====== DATA PROVIDED ======

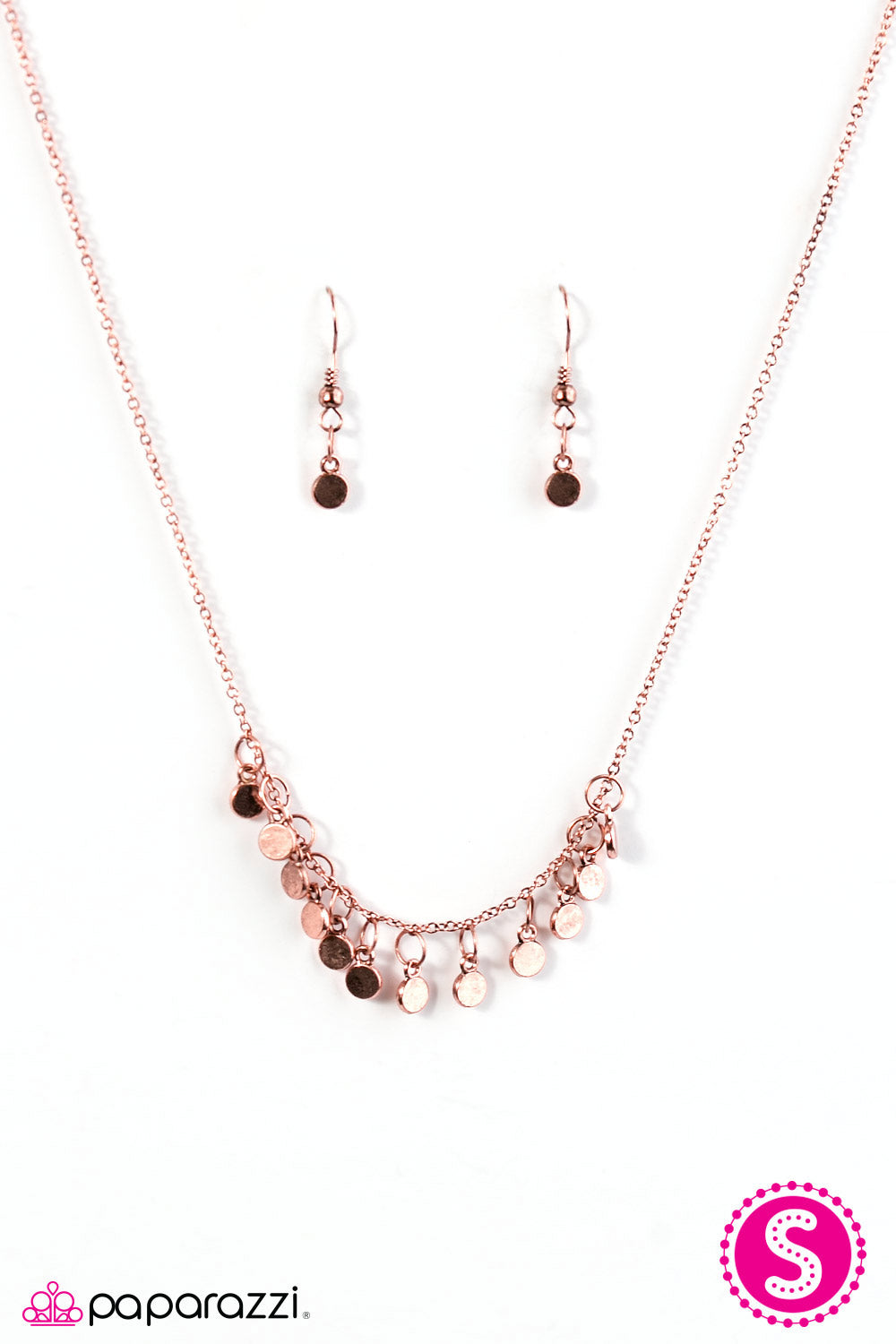Paparazzi ♥ Soaking Up The Spotlight - Copper ♥ Necklace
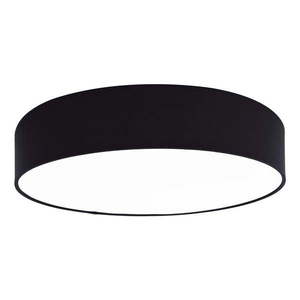 Čierne LED stropné svietidlo ø 40 cm – SULION vyobraziť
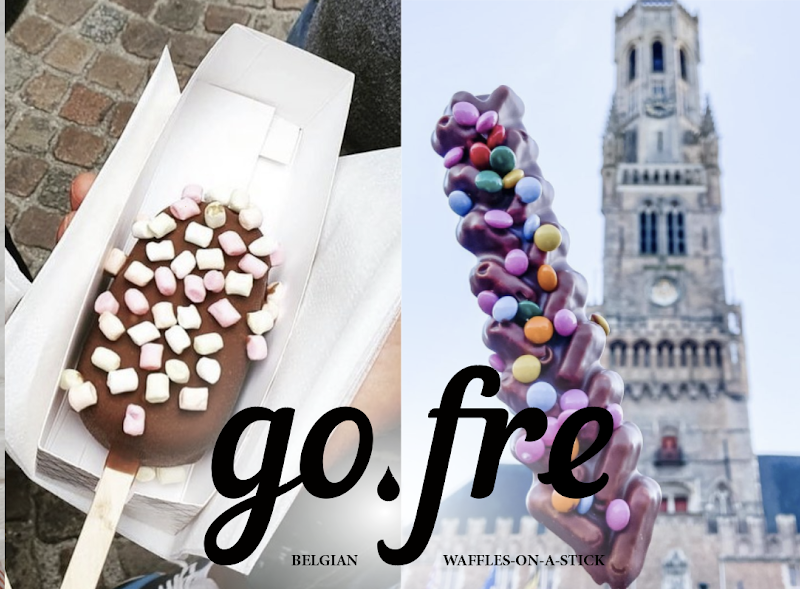 Go.fre | Belgian Waffles on a Stick - Katelijnestraat, restaurant sans gluten à Brugge — photo 4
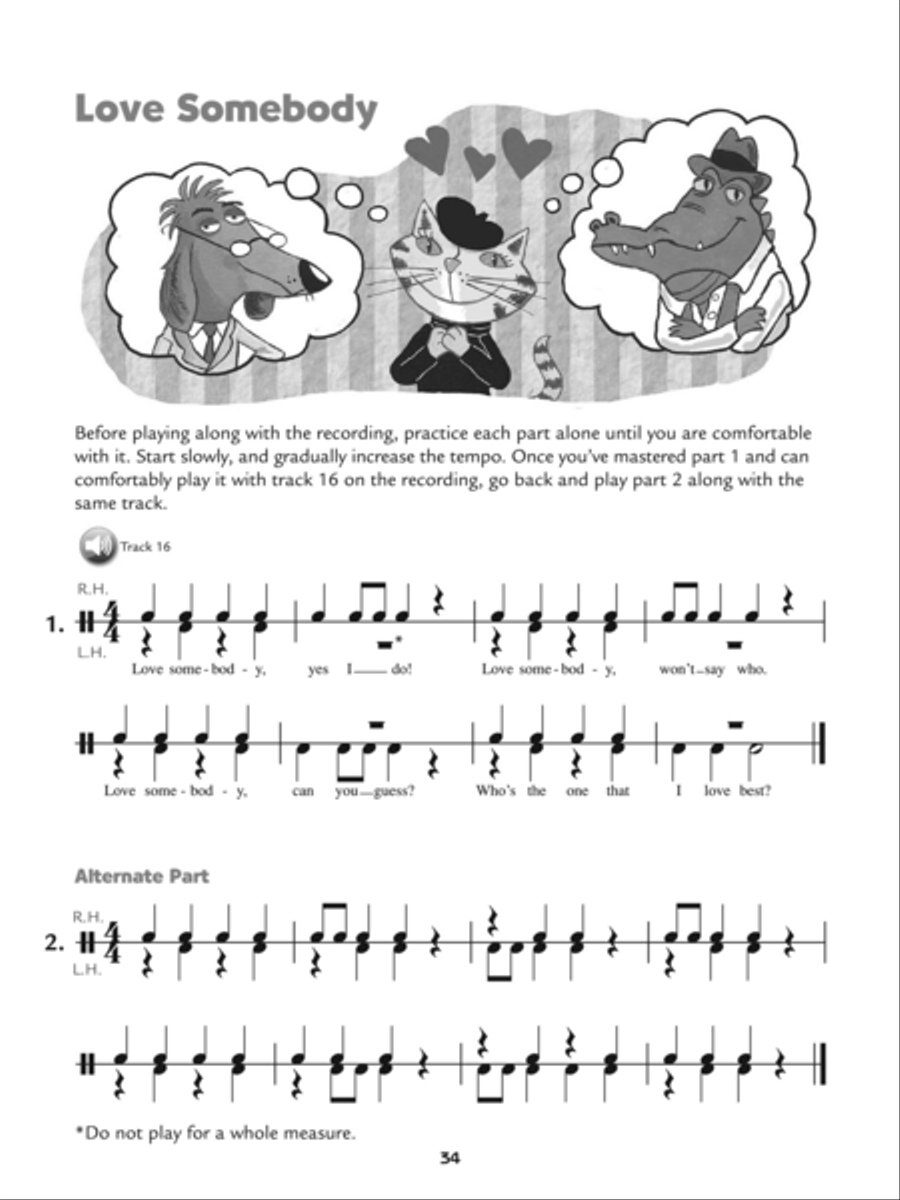 Alfred's Kid's Drum Course Complete Percussion scores gallery preview page 5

======

(ABOUT THIS EXERCISE)
All pictures should be dropped; the lines from the one containing "Čierne LED stropné" through the last line of the material are to be set down exactly.

(TASK SOLUTION)
 Čierne LED stropné svietidlo ø 40 cm – SULION vyobraziť
 Go.fre | Belgian Waffles on a Stick - Katelijnestraat, restaurant sans gluten à Brugge — photo 4
 Alfred's Kid's Drum Course Complete Percussion scores gallery preview page 5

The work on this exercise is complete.